Second execution: "1, 1"

Example:

using Amazon.Lambda.Core;

// Assembly attribute to enable the Lambda function's JSON input to be converted into a .NET class.
[assembly: LambdaSerializer(typeof(Amazon.Lambda.Serialization.SystemTextJson.DefaultLambdaJsonSerializer))]

namespace MyLambda;

public class Function
{
    private readonly Test _test;

    public Function()
    {
        var constructorInjected = new ConstructorInjected();
        _test = new Test(constructorInjected);
    }

    public string FunctionHandler(ILambdaContext context)
    {
        var functionInjected = new FunctionInjected();
        return _test.InjectionTest(functionInjected);
    }
}

public interface IConstructorInjected { public int Inc(); }

public class ConstructorInjected : IConstructorInjected
{
    private int _num;

    public int Inc() => ++_num;
}

public interface IFunctionInjected { public int Inc(); }

public class FunctionInjected : IFunctionInjected
{
    private int _num;

    public int Inc() => ++_num;
}

public class Test
{
    private readonly IConstructorInjected _constructorInjected;

    public Test(IConstructorInjected constructorInjected)
    {
        _constructorInjected = constructorInjected;
    }

    public string InjectionTest(IFunctionInjected functionInjected) =>
        $"{_constructorInjected.Inc()}, {functionInjected.Inc()}";
}
{
  "profile": "",
  "region": "",
  "configuration": "Release",
  "function-runtime": "dotnet6",
  "function-memory-size": 256,
  "function-timeout": 30,
  "function-handler": "MyLambda::MyLambda.Function::FunctionHandler"
}

Use Case

For testing lifetime management of objects in lambas, I need to be able to have the lambda last longer than a single execution in the test environment.
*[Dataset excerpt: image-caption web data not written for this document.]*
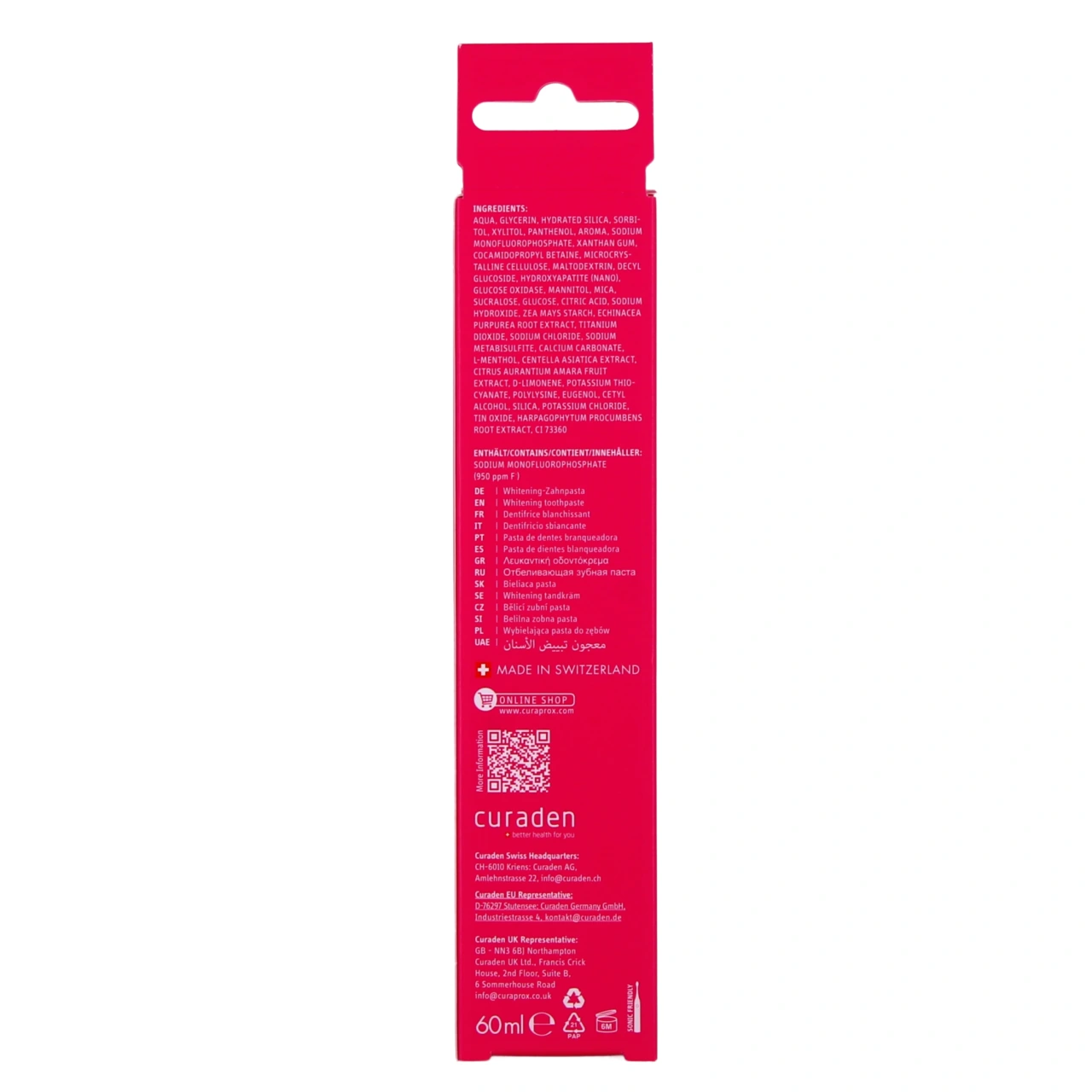Curaprox Dentifrice Be You - Vue 19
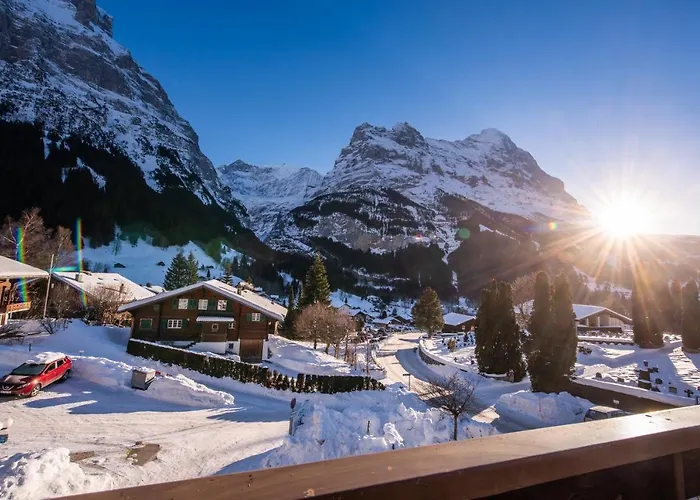 Atemberaubende Sicht Auf Eiger Nordwand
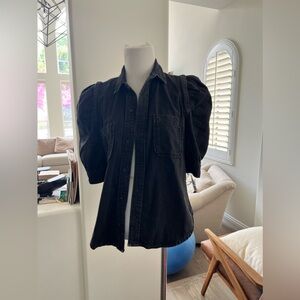 Pre-Owned in good condition FRAME black denim jacket size S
This would mimic the lifecycle of a lambda in AWS.

Proposed Solution

A configuration entry in the configuration file (aws-lambda-tools-defaults.json) to configure the lifetime of a lambda.

{
  "lambda-lifetime": "0.00:00:30"
}

or if managing the life-cycle is too difficult, even just a setting to persist the lambda for the lifetime of the test tool.

{
  "persist-lambda": true
}

If this is already a feature, some documentation about the lifetime of a lambda in the test tool and how it differs from the lifetime in AWS (if at all) would be great.

Other Information

No response

Acknowledgements

AWS .NET SDK and/or Package version used

dotnet tools: amazon.lambda.testtool-6.0 0.12.3

NuGet packages Amazon.Lambda.Core 2.1.0 Amazon.Lambda.Serialization.SystemTextJson 2.3.0

Targeted .NET Platform

.NET 6

Operating System and version

Windows 10

avalara-stephen-hickey commented 2 years ago

I realized I should greatly simplify the example, I had leftovers from when I was playing around with object lifetimes.

using Amazon.Lambda.Core;

// Assembly attribute to enable the Lambda function's JSON input to be converted into a .NET class.
[assembly: LambdaSerializer(typeof(Amazon.Lambda.Serialization.SystemTextJson.DefaultLambdaJsonSerializer))]

namespace MyLambda;

public class Function
{
    private int _num;

    public string FunctionHandler(ILambdaContext context) => $"{++_num}";
}

Expected output:

First execution: "1"
Second execution: "2"

Actual output

First execution: "1"
Second execution: "1"
ashishdhingra commented 2 years ago

Not sure if it's feasible since Lambda Test Tool only allows to test the function logic. Needs review by the team.